Wednesday, February 19, 2014

Review: Southern Cross: Annuit Coeptis by Dorvall and Philip Renne

American Civil War alternate histories are a dime a dozen. It has become hard to bring something new and fresh to the concept, but I think the good folks at Sekwana Comics have made a good start with their graphic novel Southern Cross: Annuit Coepti, volume one in the CSA Confederate States of America series. Written by Dorvall and illustrated by Philip Renne, the series will showcase the post-war world where the South won the Civil War, without the aid of alien space bats. But does Volume 1 hold up?

At the Battle of Gettysburg, General Robert E. Lee takes Longstreet's advice for the third day of battle turning Gettysburg into the ultimate Confederate victory. Washington is captured, Lincoln is overthrown in a coup led by McClellan, large swatches of Union territory is ceded to the Confederacy and free blacks who fought for the North are marched south to be sold into slavery. We see this from the point of view of various historical figures and four fictional characters who are implied to have larger roles as the series progresses.

I don't want to give to much of the plot away since the book is only 64 pages long. I was impressed by their ambitious plan to tell a pure alternate history in comic form, which is something you don't see often since most alternate history comics either involve superheroes or steampunk. There is a suggestion that someone is influencing events, but I am holding out hope that is not time travelers or other such ASB hand-waving. The illustrations by Renne were really good and captured the stark reality of war in mid 19th century. I also liked how the Confederacy was protrayed as being disorganized during the war, which is something even more traditional histories fail to grasp.

All that being I had a lot of issues with the scenario in general.

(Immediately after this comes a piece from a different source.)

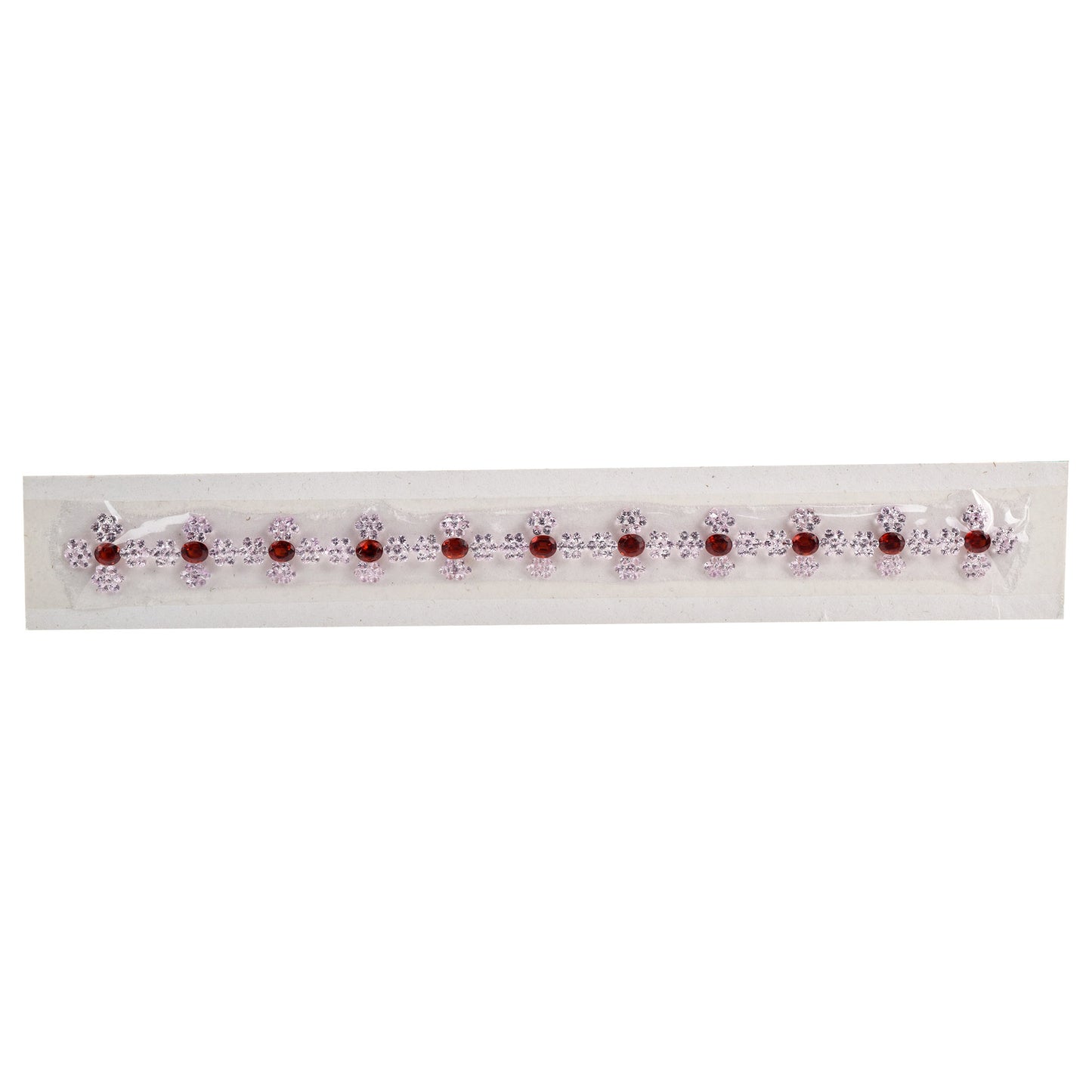 Fine Quality 100% Natural Spectrolite and Pink Sapphire Gemstones 6x5 mm, 2.2mm in Round, Oval Shape for Bracelet Making of Silver & Gold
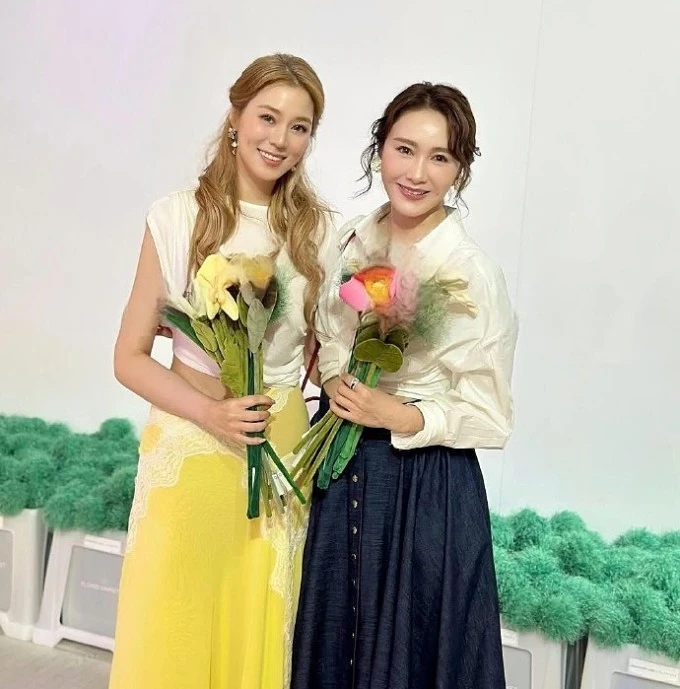 Nàng dâu tỷ phú Từ Tử Kỳ rạng rỡ giữa ồn ào chồng bao nuôi bom sex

Victory at the Battle of Gettysburg has become cliche and even some historians suggest that a Confederate victory would not have won the war for them. The Union would still have its defenses around Washington, their armies in the west and central Confederacy and their navy blockading southern ports. In Southern Cross, the Confederate victory completely destroys the Union's will to fight and they meekly surrender everything to the South. Considering the South only wanted independence, conquering the North just doesn't sound plausible. Even McClellan's coup is implausible and it is more believable that his bid to run for President in 1864 would have been successful with a loss at Gettysburg, followed by a negotiated peace where the South gains their independence with little loss to Union territories.

I did like the multi-dimensional characters and Nathan Bedford Forrest looks to be morphing into the series main antagonist. I found the female abolitionist to be a straw man (or would it be straw woman?) when it came to discussions about slavery and the reasons the Union was fighting. I also thought Dorvall confused Lincoln's pragmatism toward slavery as he strove to get elected as having no strong opinion toward abolition. You have to look at this entire life for a better picture of his views on the subject.

Despite my issues with the overall scenario and some of the characters, I found Southern Cross to be a good start for this pure alternate history comic series. There are so few of this type out there that it would be shame if this remains the only one of its kind.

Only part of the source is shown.